The examples above demonstrate the most simple and straightforward uses of a TclObject that acts as a wrapper around a native Tcl_Obj. In real code, there are additional complexities that could lead to a memory leak of the native Tcl_Obj. This next example shows how that could happen and how Tcl Blend fixes the problem.

cat Leak.java
import tcl.lang.*;
public class Leak implements Command {
    public void cmdProc(Interp interp, TclObject[] objv)
        throws TclException
    {
        TclObject obj = objv[1];
        double dval = TclDouble.get(interp, obj);
        int len = TclList.getLength(interp, obj);
        interp.setResult("Double -> " + dval + " llength -> " + len);
    }
}

# Create new command in the Tcl interp
[java::getinterp] createCommand leak [java::new Leak]

set v 1.0

leak $v
Double -> 1.0 llength -> 1
At first glance, it looks as though all is well in the leak command above. What actually happens is that the TclList.getLength() call creates a new Tcl_Obj that would not be deallocated.
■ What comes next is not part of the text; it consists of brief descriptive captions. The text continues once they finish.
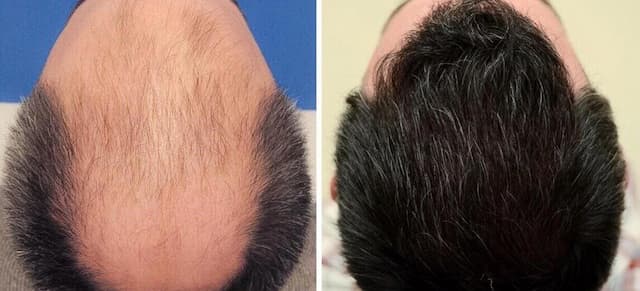 آیا کاشت مو دائمی است یا احتمال ریزش مجدد وجود دارد؟ بررسی واقعیت‌ها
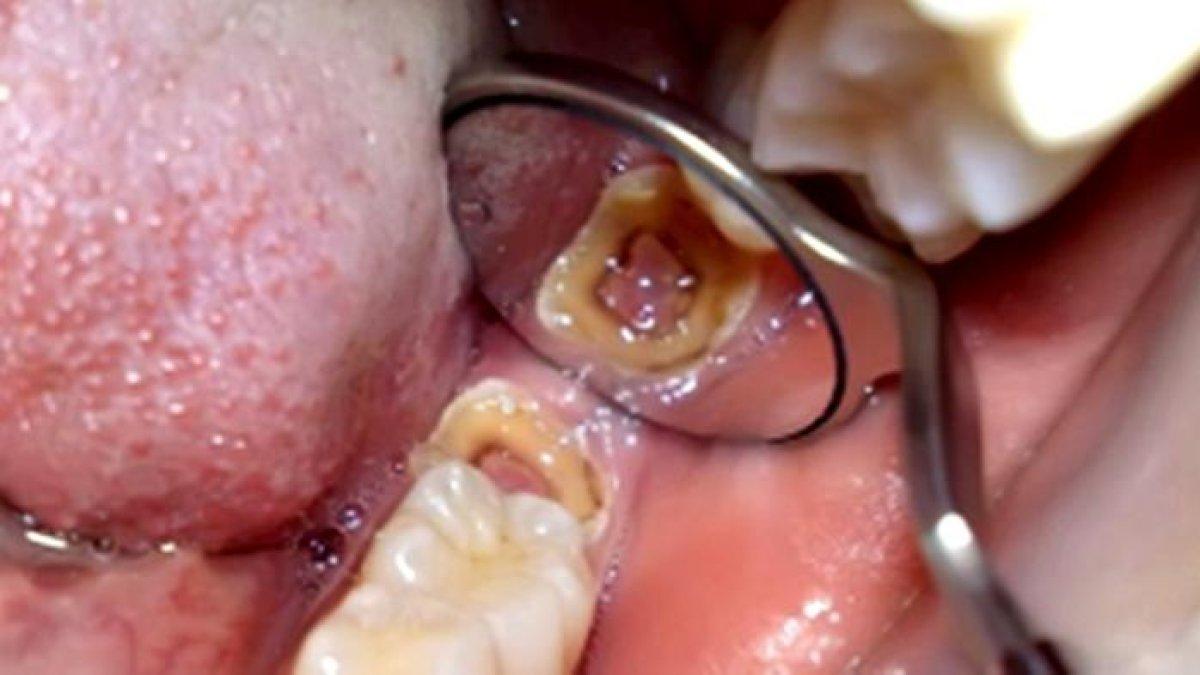 5 obat alami untuk mengobati gigi berlubang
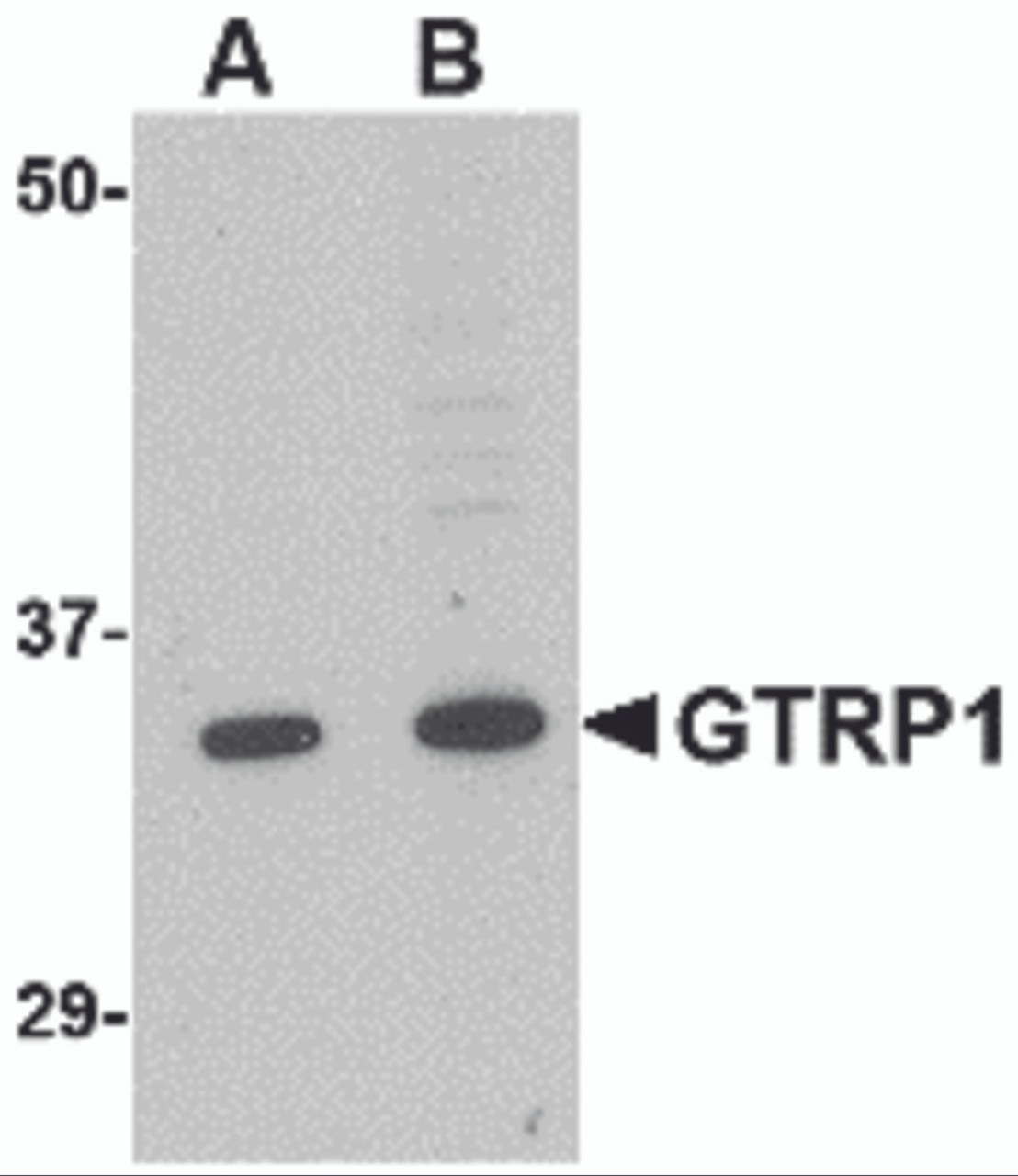 Western blot analysis of GRTP1 in K562 cell lysate with GRTP1 antibody at (A) 1 and (B) 2 &#956;g/mL.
This leak could happen because the TclDouble.get() call converts the passed in TclObject from a tcl.lang.CObject internal rep to a tcl.lang.TclDouble internal rep. When that happens, the Tcl_Obj stored in the tcl.lang.CObject is discarded. When the object is converted back to a list type via the TclList.getLength() call, there is no existing Tcl_Obj to operate on, so a new one is allocated with a ref count of 0. The TclObject with a newly allocated Tcl_Obj inside of it is not used again, which could lead to a memory leak.
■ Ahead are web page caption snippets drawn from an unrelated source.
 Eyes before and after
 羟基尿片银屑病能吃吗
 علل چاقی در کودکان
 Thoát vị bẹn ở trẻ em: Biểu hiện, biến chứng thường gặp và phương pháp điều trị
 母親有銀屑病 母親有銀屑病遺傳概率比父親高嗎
Tcl Blend includes a feature that automatically deals with this sort of memory leak. When a Tcl command implemented in Java returns, Tcl Blend will check to make sure that a native Tcl_Obj allocated in the Java method is deallocated. Such a Tcl_Obj will only be deallocated if it has a ref count of 0, meaning its ref count was never incremented or decremented in the Java method. This feature will cleanup those Tcl_Obj pointers that would have been leaked, without effecting a TclObject that had its ref count changed by preseve() or release().